When driving one of your cars, your customers have the option of communicating with the outside world in a variety of ways. Because safety on the road is so important, your design teams have developed these communication features with interfaces that don’t require the driver’s hands to leave the wheel. Take, for example, the voice interface to the customer’s electronic in-basket, complete with audio replies from a digitised voice impersonation of a well-known media personality, whichever one happens to fit the customer’s voice preference.
Your networked cars provide customers with safe, efficient methods to stay connected and be productive while getting from place to place. But the realtime information made available to you, the car’s manufacturer, is valuable, too. Yes, you must allay the privacy fears of your customers and give them an incentive to participate in your data collection programs, but the insight provided is definitely worth the effort.

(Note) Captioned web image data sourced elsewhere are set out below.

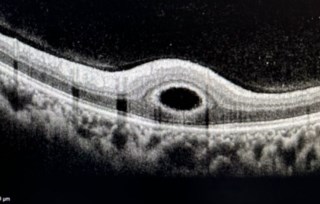 OCT shows fast intraretinal fluid progression in a 21-year-old girl with Optic disc pit, diagnosed as ‘Karnenburg syndrome bei grubenpapille’. The scan captures a ‘button hole’ pattern of schisis before SRF accumulation.
Dr. Pawan Malhotra, SGHS Hosp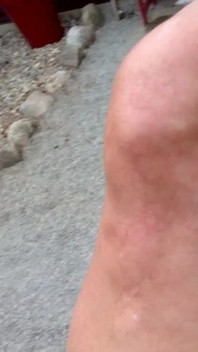 Şişman Yaşlı Karın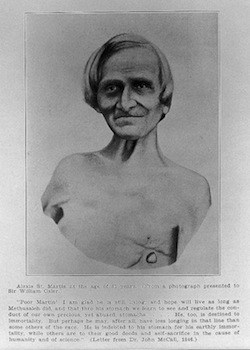 Интересные факты о вашей пищеварительной системе Интересные факты, о пищеварительной системе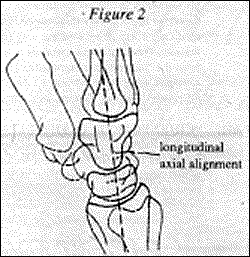 Figure 2 - Copyright – Stock Photo / Register Mark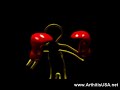 Dr Farshchian s Regenerative Medicine and Boxer's fracture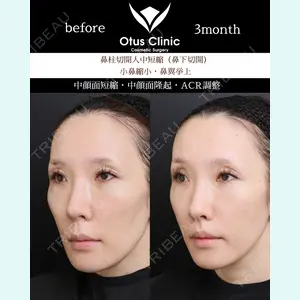 Otus Clinic 【オータスクリニック】 中 徳太郎医師の症例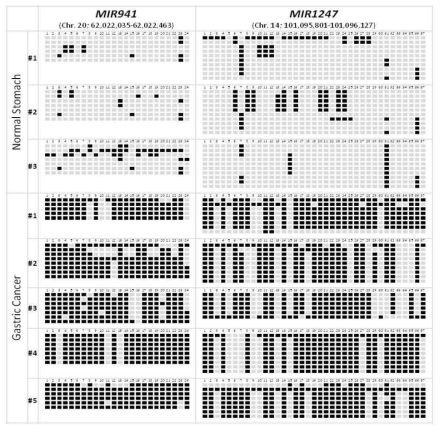 정상 위조직과 위암 조직에서의 Bisulfite sequencing을 이용한 MIR941과 MIR1247의 DNA methylation 상태 확인. 검은 상자는 Methylation을, 회색 상자는 Unmethylation을 나타냄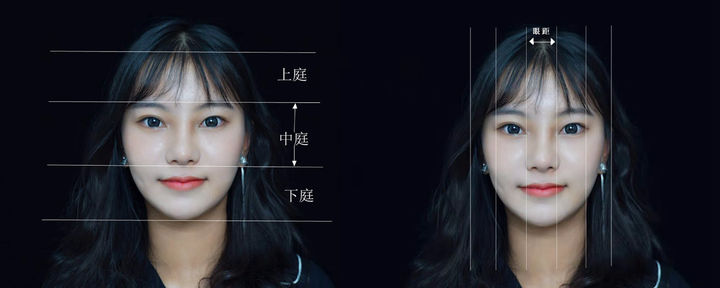 做外眼角改变到底大不大,开外眼角的手术后的图片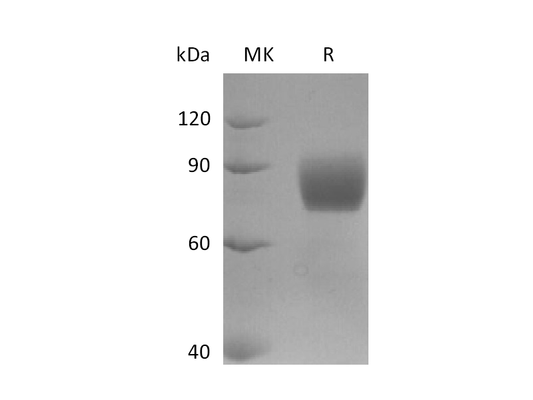 Recombinant Human FGFR2IIIb (C-Fc)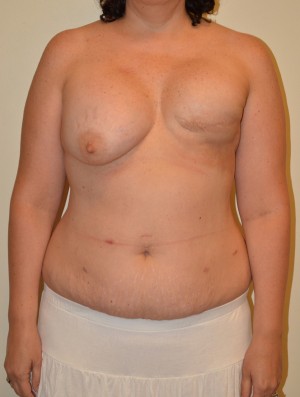 Breast Reconstruction Case 3722 Before Photo Breast Reconstruction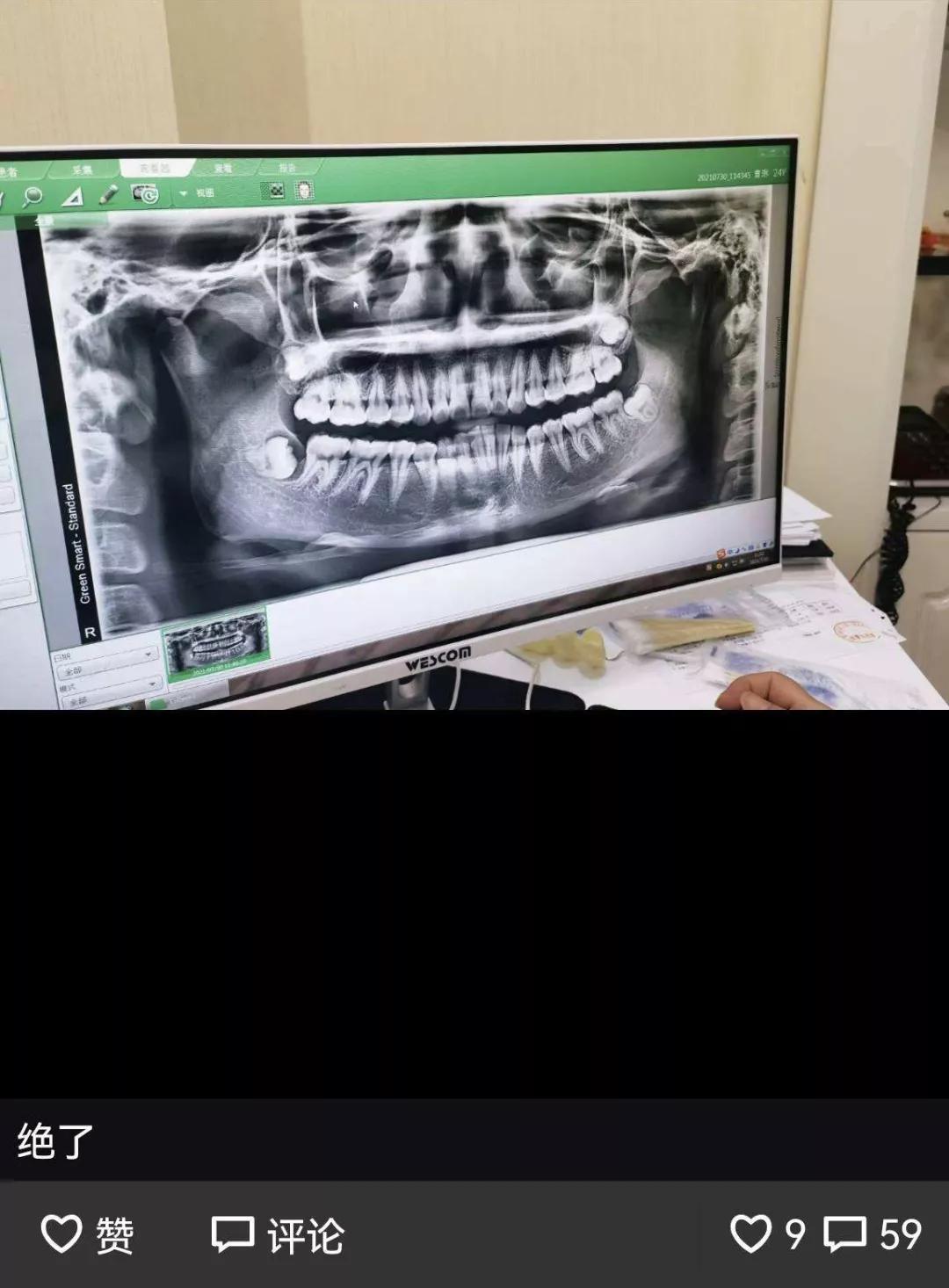 这是你最想公开给前任的朋友圈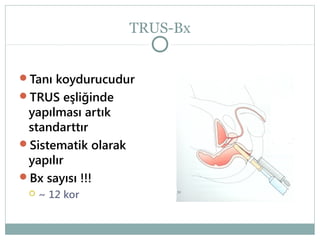 TRUS-Bx
Tanı koydurucudur
TRUS eşliğinde

yapılması artık
standarttır
Sistematik olarak
yapılır
Bx sayısı !!!


~ 12 kor

 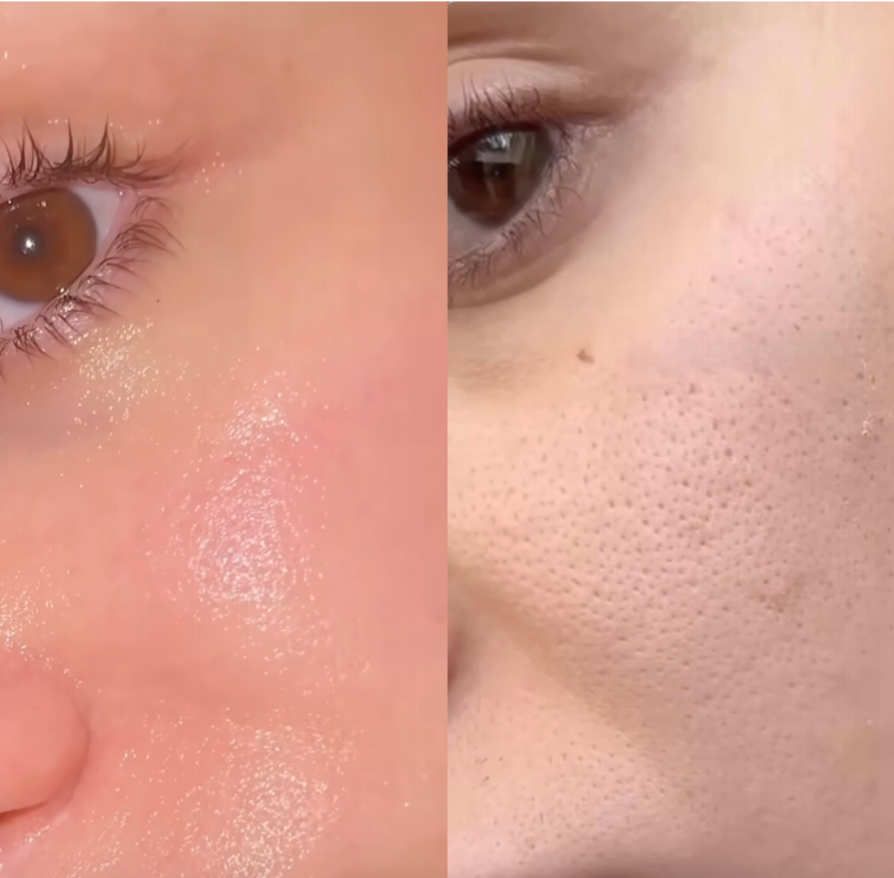VITALFACE™ - Ton Nouvel Allié Beauté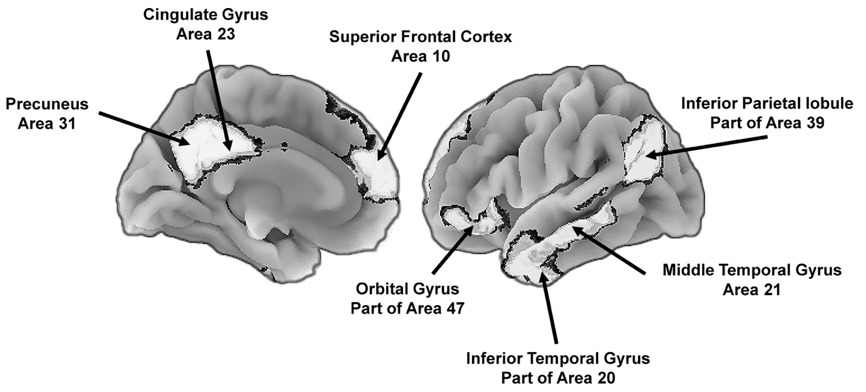 A close-up of the brain AI-generated content may be incorrect.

For a free car-wash each month, customers allow you to track their mileage, average speed – even their vehicle’s engine performance correlated to outside temperature. The list of possibilities goes on. You’ve got an entire fleet of ‘smart’ cars, all reporting in on key measurements, providing you with a live performance test each day. Your engineering innovations demonstrate the value of this data year after year.
The personalised service
Your customers also benefit from personalised service and offers made possible by sharing their information. You can recommend repairs when a potential problem is first spotted, before things break, keeping your customers from being stranded along the roadside. For serious problems that require immediate action, onboard computers can even suggest the repair facility closest to the car’s current location. Knowing that you are monitoring their car helps your customers feel safer. By partnering with other firms, you can also offer customers tire specials when tires are wearing thin, filter changes when their mileage dictates, or even film developing when they return from that long driving vacation. Repeat leases are certainly more frequent now that you help customers like Helen save money on excess mileage fees.
The results? Fuel for continuous innovation that yields distinct competitive advantage.
Siva Darivemula is a marketing manager within the IBM e-business technology team.
Time for a tune-up?
As you reflect on the pace of change in your industry and what it means to your business, ask yourself the following questions:
- Can you adapt to changing market conditions and emerging opportunities faster than your competition? (Because someone will)
- Are you recognised as a leader in product innovation? (You could be)
- Are you eliminating supply chain inefficiencies? (Your competition is)
- Which are the right alliances, physical and electronic, to establish? (Teams are forming fast)
- How do you respond when a customer asks, ‘Can you make “my” car?’ (Because that’s what your customers might want)
- Do you treat every client as if he or she was a lifetime customer? (If you play your cards right, they just might be)
These are critical considerations for any business and should be integral factors in mapping out your strategy. There is no single answer, no ready road map, but it is clear that the choices you make about e-business will be pivotal to your success.